Jae-Young Lee is currently Executive Director of the Northeast Asia Regional Peacebuilding Institute and a director of the Korea Peacebuilding Institute. He is also a leader in the Grace and Peace Mennonite Church. Anna Vogt works with MCC Colombia partner Justapaz in Bogota. She is from Dawson, Yukon, Canada. Ruth L. Hiller is a co-founder of New Profile, the movement to demilitarize Israeli society established in 1998 to support and counsel anyone considering not doing army service.

Learn more by reading the Winter 2015 issue of Intersections – Conscientious objection.

International law and conscientious objection

Laws providing for conscientious objection to military service vary from country to country. Both the U.S. and Canada have traditions of allowing recognized COs to perform an alternate service in lieu of military service. In many countries, however, individuals who identify as COs may face persecution, prosecution and imprisonment. For this reason, some have sought refugee status in other countries.

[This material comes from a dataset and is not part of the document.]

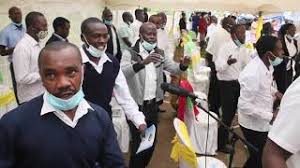 Mxtube Net Neema Zimetiririka Mp3 Mp4 3gp Video Mp3 Download Unlimited Videos Download Before downloading you can preview any song by mouse over. mxtube net neema zimetiririka mp3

Over the decades, however, advocacy at the United Nations (UN) has resulted in growing recognition of conscientious objection as a right under international law. In 1998, for example, the UN Commission on Human Rights passed a resolution urging states to consider granting refugee status to COs who leave their country of origin out of fear of persecution due to their refusal to perform compulsory military service when no appropriate alternatives are available. The decision acknowledged that individuals may develop conscientious objections while performing military service.

In 2013, the UN Human Rights Council (UNHRC) adopted a resolution affirming that conscientious objection to military service is recognized in international law as derived from the right to freedom of thought, conscience and religion, as enshrined in Article 18 of the Universal Declaration of Human Rights as well as in Article 18 of the International Covenant on Civil and Political Rights. According to this resolution, states are under the obligation to make laws and implement procedures to provide for conscientious objection to military service. They are to make information about conscientious objector status and how to apply for it readily available to conscripts, volunteers and those already in the armed forces. Moreover, they are to allow for selective objection—a situation in which a CO objects to participation in a specific war but not all wars. Also in 2013 the UNHRC released guidelines related to the protection of individuals seeking refugee status in countries other than their own because of fear of persecution. As these developments indicate, the status of conscientious objection within international law and practice continues to evolve.

Esther Epp-Tiessen is public engagement coordinator for MCC Canada’s Ottawa Office.